31 920 Vergunningverlening natuur- en milieuwetgeving

Nr. 16 BRIEF VAN DE STAATSSECRETARIS VAN ECONOMISCHE ZAKEN, LANDBOUW EN INNOVATIE

Aan de Voorzitter van de Tweede Kamer der Staten-Generaal

Den Haag, 14 december 2011

Met deze brief informeer ik uw Kamer, mede namens de minister en de staatssecretaris van Veiligheid en Justitie, over de mogelijkheden om natuur- en milieuorganisaties, die door een Nederlandse rechter zijn veroordeeld voor een strafbaar feit, uit te sluiten van overheidssubsidies en bijdragen van loterijen. In het VAO Eemshaven heb ik uw Kamer deze brief toegezegd naar aanleiding van de aangehouden motie van de leden Leegte en Aptroot (Kamerstuk 31 920, nr. 9).

Allereerst wil ik aangeven dat natuur- en milieuorganisaties in Nederland zelden worden aangeklaagd en veroordeeld voor strafbare feiten.

De Rijksoverheid verleent al enkele jaren geen structurele subsidies meer aan natuur- en milieuorganisaties. De Wet milieubeheer en de Kaderwet LNV-subsidies bieden een grondslag om subsidie te verlenen voor projecten die bijdragen aan nationaal of internationaal milieubeleid en duurzame ontwikkeling, respectievelijk natuurbeleid. Een dergelijke subsidieaanvraag wordt op zijn merites beoordeeld. Ook kan de aanvraag worden geweigerd indien een gegronde reden bestaat om aan te nemen dat de aanvrager niet zal voldoen aan de in de specifieke subsidieregeling, dan wel in de individuele subsidiebeschikking opgenomen verplichtingen (artikel 4:35 van de Algemene wet bestuursrecht). Deze verplichtingen kunnen ook inhouden dat de aanvrager zich bij uitvoering van de gesubsidieerde activiteiten aan de geldende wet- en regelgeving houdt.

Op grond van de Wet bevordering integriteitsbeoordelingen door het openbaar bestuur (hierna: Wet Bibob) kunnen bestuursorganen een aangevraagde subsidie weigeren dan wel een verleende subsidie intrekken, indien sprake is van criminele antecedenten of als sprake is van het witwassen van gelden afkomstig uit strafbare feiten (artikel 3 Wet Bibob). Deze bevoegdheid moet wel in de desbetreffende subsidieregeling zijn opgenomen. Alvorens een subsidie te weigeren of in te trekken kan advies worden gevraagd aan het Bureau bevordering integriteitsbeoordelingen openbaar bestuur, dat onder de minister van Veiligheid en Justitie ressorteert (artikel 6 Wet Bibob).

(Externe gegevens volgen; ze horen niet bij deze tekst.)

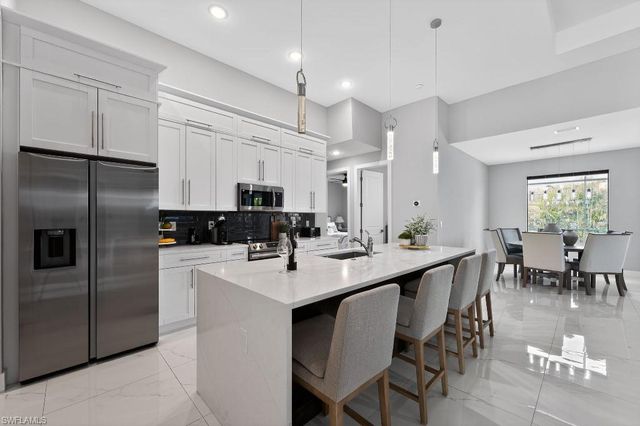 2118 SW 14th PL, Cape Coral, FL 33991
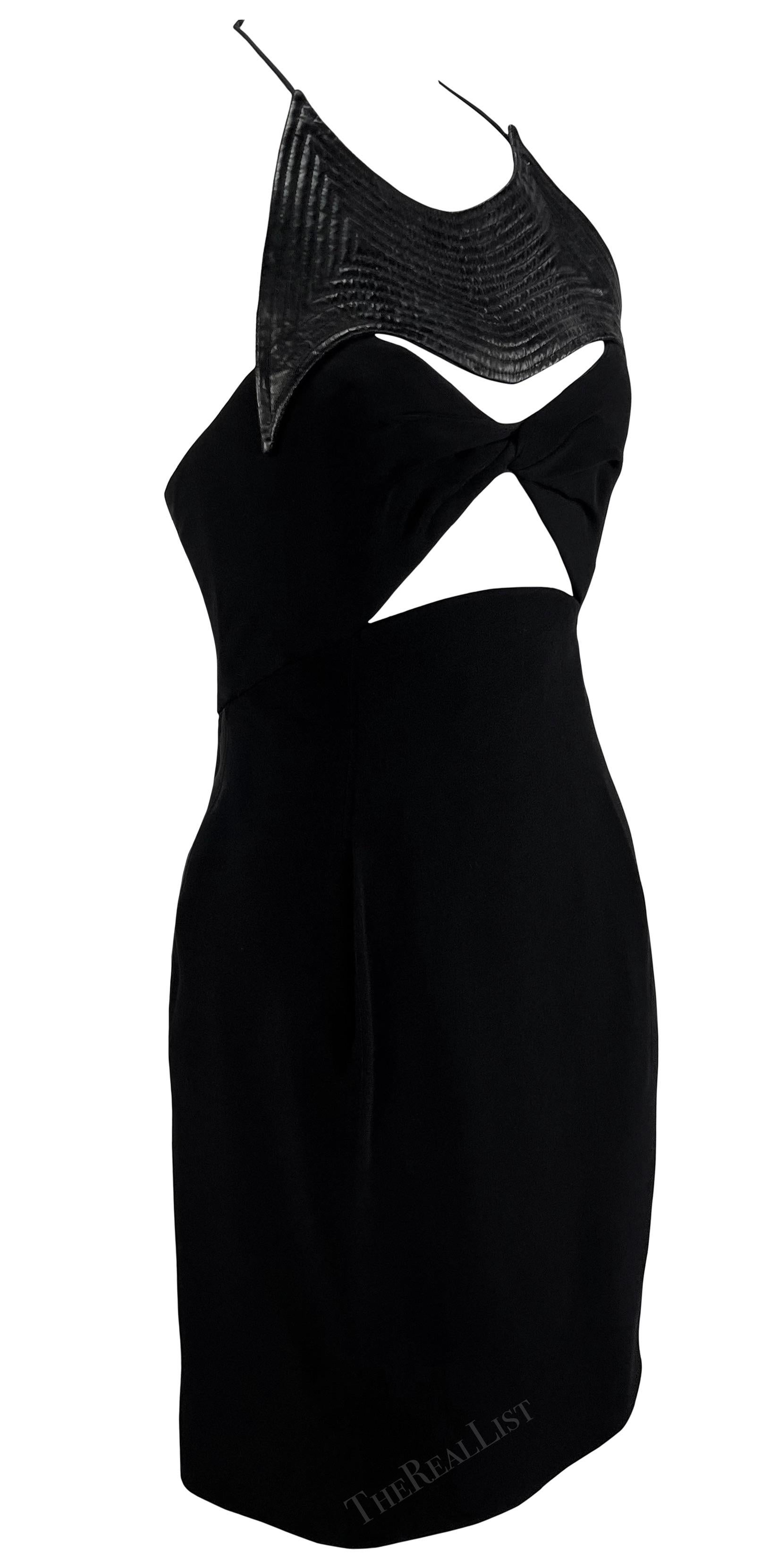 1990s Geoffrey Beene Black Quilted Cut Out Halter Mini Dress For Sale 3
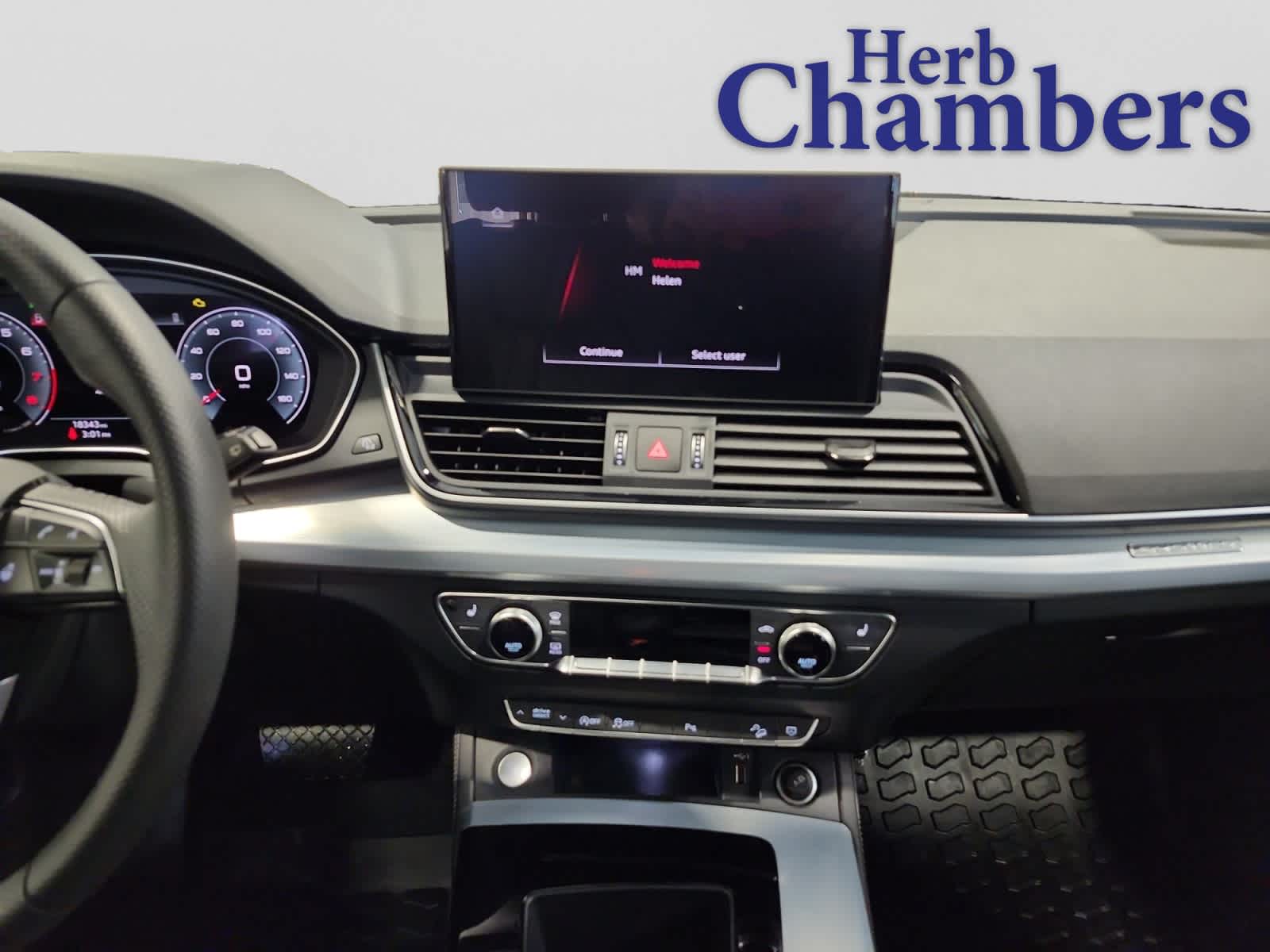 used 2024 Audi Q5 car, priced at $31,397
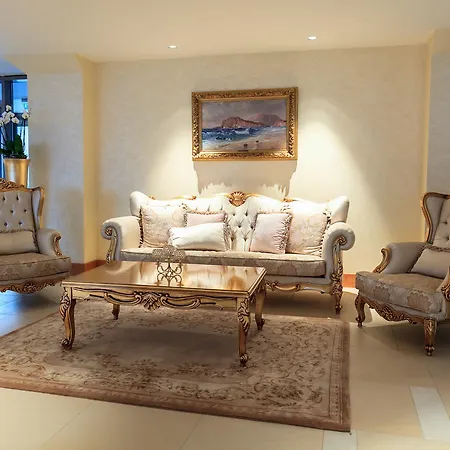 Carmen International - Fost Becali Венус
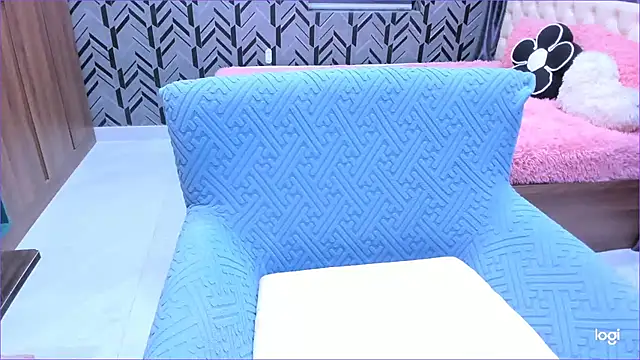 Snapshot of Toyota_Motor_Corporation chatting on 12-22-25, 11:24 Toyota Motor Corporation online show from 12-22-25, 11:24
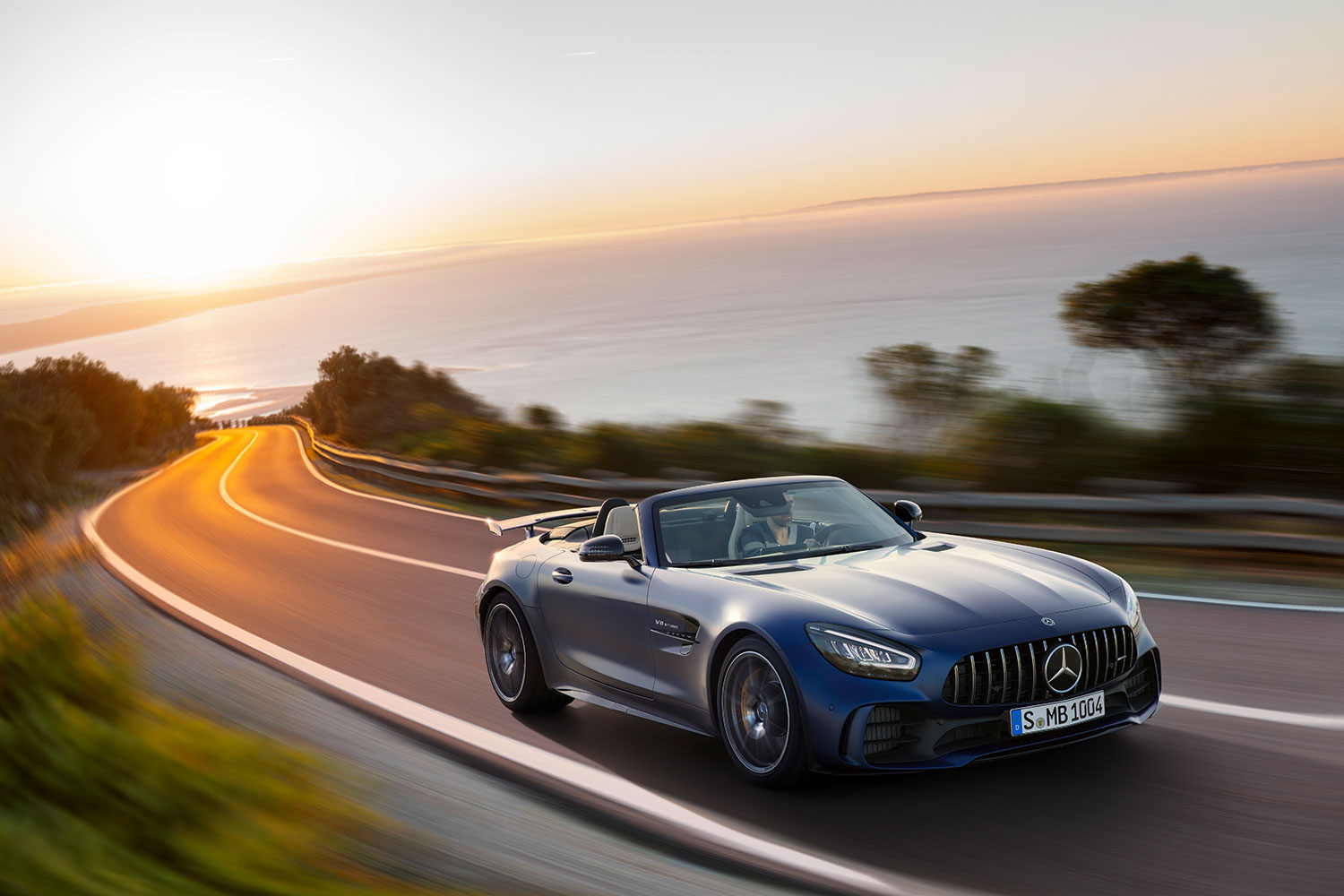 Mercedes-AMG GT R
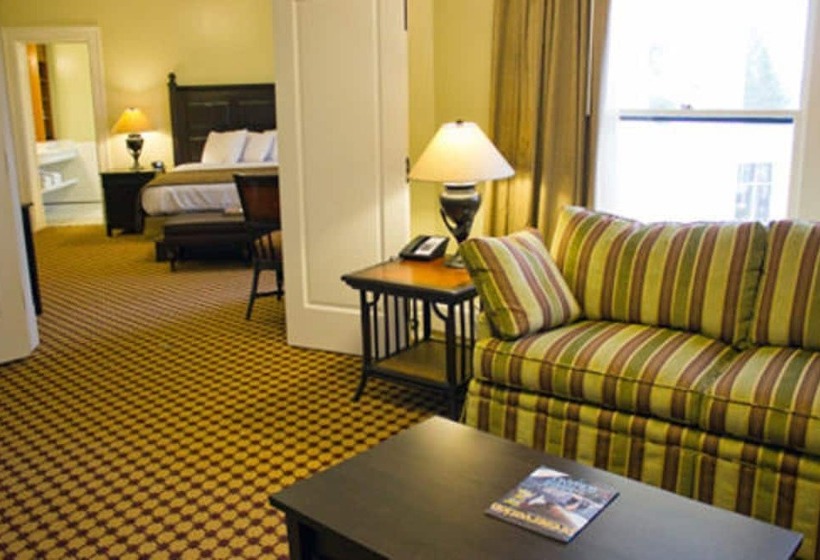 Lake Yellowstone Hotel & Cabins   Inside The Park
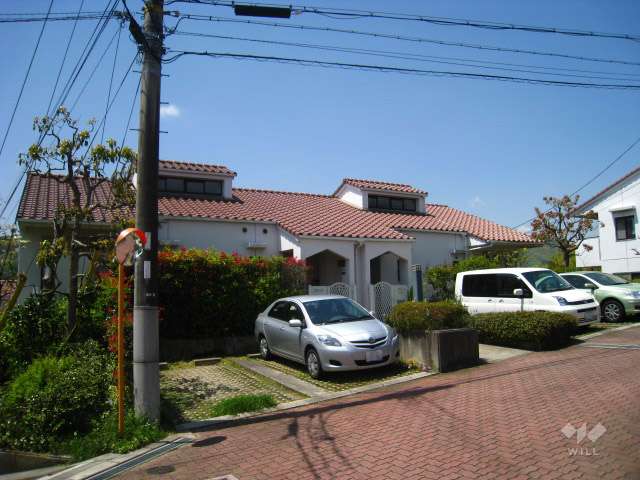 移瀬ガーデン弐番街の外観　（Ｅ-11、12棟北東側から）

Volgens artikel 3 van de Wet op de kansspelen kan de staatssecretaris van Veiligheid en Justitie een vergunning voor een loterij verlenen, indien met de opbrengst daarvan een algemeen belang wordt gediend. In de praktijk zijn vier vergunningen verleend voor loterijen met een semi-permanent karakter. In beginsel is het aan de vergunninghouders zelf om te bepalen aan welke maatschappelijke sectoren of organisaties zij fondsen willen afdragen. Dit heeft zijn weerslag gekregen in de verleende vergunningen en de op grond daarvan vastgestelde reglementen. Het huidige wettelijke kader biedt echter nagenoeg geen aanknopingspunten om organisaties die zijn veroordeeld voor een strafbaar feit uit te sluiten van bijdragen uit loterijgelden.

Bij de herinrichting van het loterijstelsel die in de brief van 19 maart jl.1 is aangekondigd, zal door de staatssecretaris van Veiligheid en Justitie worden bezien of het wenselijk is deze mogelijkheid in de regelgeving op te nemen.

De staatssecretaris van Economische Zaken, Landbouw en Innovatie,

H. Bleker


X Noot
1

Tweede Kamer, vergaderjaar 2010–2011, 24 557, nr. 124.